Labour plans to invest in transport look familiar

As part of its response to the impending economic crisis Labour yesterday announced changes to it planned expenditure on roading.   Like Act they recognise a good idea when someone else has it and appear to have drawn heavily from the Greens:

An enhancement of the existing Financial Assistance Rate for funding local roading would be available for those regions in need of additional economic stimulus to enable them to bring forward projects such as:

  • providing dedicated road space for public transport or other extended passenger transport services
  • additional walking and cycling facilities
  • street lighting upgrades to improve both energy efficiency and safety
  • footpath renewals
  • local road maintenance

Their dictation of our policy can’t have been 100 percent though because they missed a few details. We’re not increasing Financial Assistance Rates rates for local road maintenance, and we’re suggesting rolling out the changes nationwide, not on a bureaucracy-intensive case-by-case basis.

For more information on Labour’s transport policy going forward, please click here.
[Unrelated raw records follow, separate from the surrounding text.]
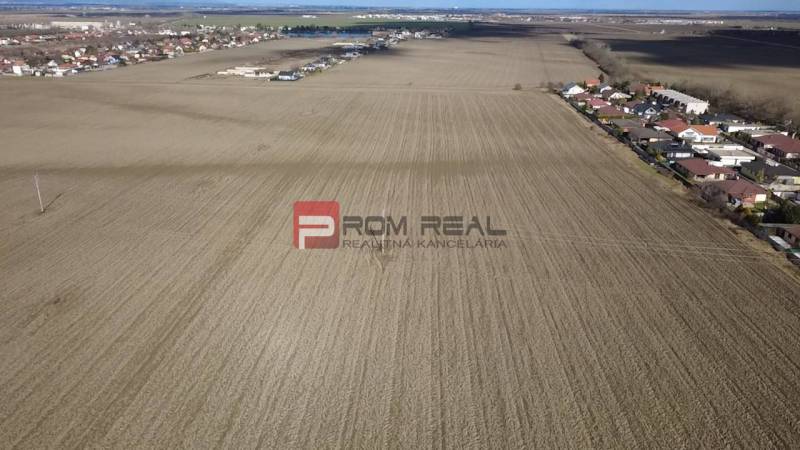 INVESTIČNÁ PRÍLEŽITOSŤ – Pozemok v obci Dunajská Lužná - Poľnohospodárske a lesné pozemky pri Dunajskej Lužnej s viditeľnou zástavbou v pozadí.
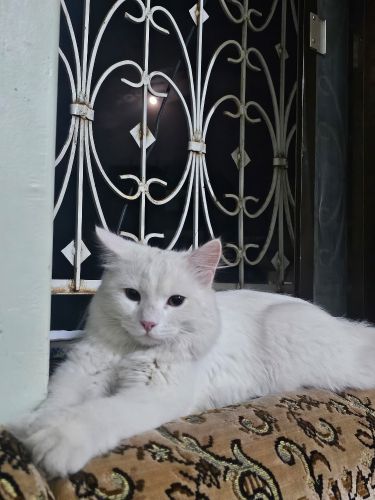 متوفر
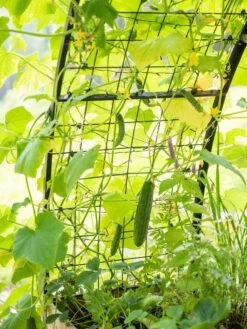 2’ X 8’ Arch Trellis For Planter Boxes -Gardeners Sale Shop 8610798 095 tif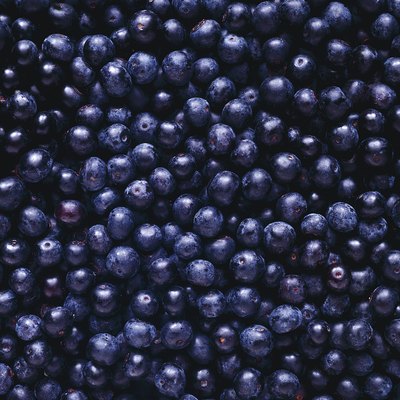Blueberries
3 thoughts on “Labour plans to invest in transport look familiar

  1. Scott, The best proof of your argument is the Chch ring road, most of which is designated as State Highway. You need to drive this route, preferably a few days after a decent frost, to understand just what can happen to a road that is inadequately maintained or pushed well beyond it’s pavement design life in the vain hope that a little extra funding for a realignment will be approved instead of rebuilding on a substandard alignment. The section north of the oxidation ponds has a 70km/h limit instead of 80 solely because of the magnitude vertical movements created by the pavement irregularities in a sweeping s-bend.

  2. Yes why shouldn’t road users pay the full cost of road maintenance?

    Of course I forgot, you’re going to neglect road maintenance by spending two-thirds of the NLTF on public transport, even though 40% of the current budget is road maintenance – a few bridges falling down and potholed roads will put off people driving right?

  3. “We’re not increasing Financial Assistance Rates rates for local road maintenance”

    Why not? It’s what most Dictrict Councils spend most of their rates money on. Stock trucks, logging trucks and milk tankers pay a fortune in RUCs when travelling on country roads yet only half that money gets passed on to the local councils.